以来、夫は次男を理津子さんに会わせようとしない。ようやく面会できたのが、連れ去られてから半年後。父親や祖父母の影響か、次男は、母親を拒否するようになっていた。いわゆる「片親疎外」だ。
「連れ去られるまでは毎日、ママ大好きと言っていた次男が『ママ怖い』と言うようになりました。本心だとは思えません。しかも、『ママがぼくを取り返したいのは養育費が欲しいからだ』だなんて、小学生がそんなことを思いつくでしょうか。夫や祖父母が自分たちのところに引き留めておくために、悪口を吹き込んでいるに違いありません」
連れ去られてから2年間に3回、第三者機関の立ち会いの元で次男と面会したが、次男の表情は暗く硬い。

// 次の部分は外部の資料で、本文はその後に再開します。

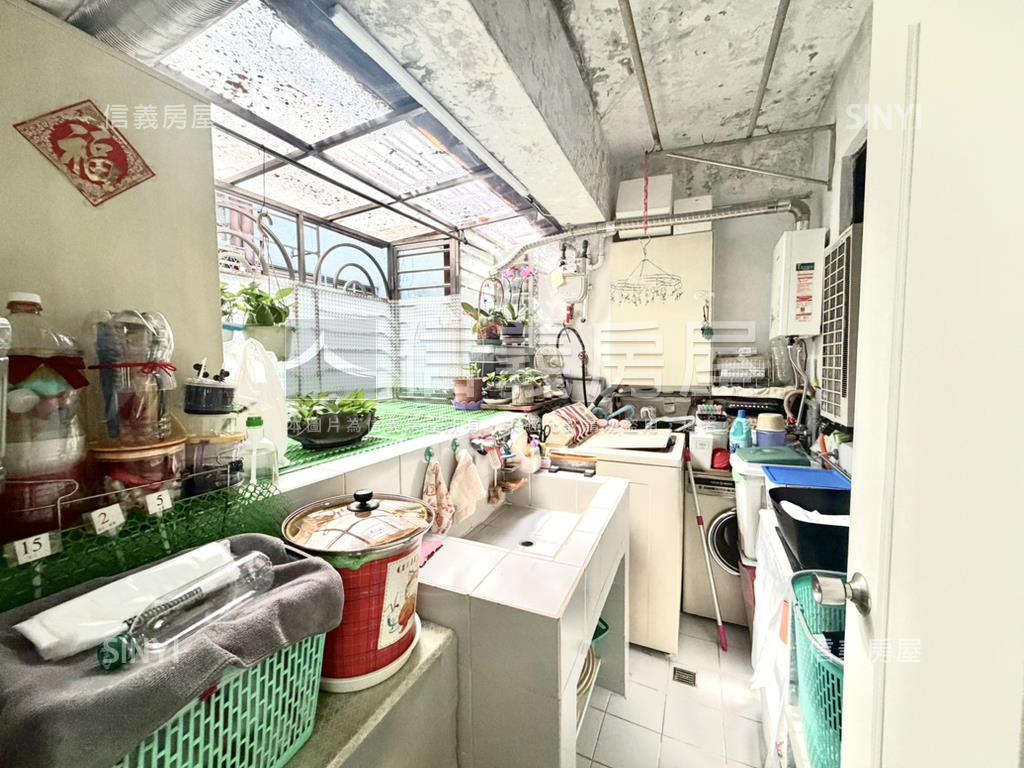 仁愛圓環高樓靜巷四房房屋室內格局與周邊環境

「そばに他人がいるので、自分の気持ちを出せないのだと思います」
そして、夫は離婚調停を申し立ててきた。このまま離婚に応じると、「監護の継続性」から、次男の親権は夫に取られてしまう可能性が高い。理津子さんは、離婚を拒否。調停は不成立に終わった。
こうなった今、理津子さんが望みをかけているのは、離婚後の共同親権の法制化だ。推測するに、夫が次男を無理やり連れ去ったのも、離婚によって親権を失いたくなかったからだ。
民法で離婚後の単独親権が定められている現状では、一方的に出て行った夫が子どもの親権を得ることはむずかしい。夫は家業のために、どうしても後継が欲しかった。それで、このような強硬手段に出たのだと理津子さんは考えている。離婚後の共同親権が法制化されたら、次男を囲い込もうとする夫の考えも変わるかもしれない。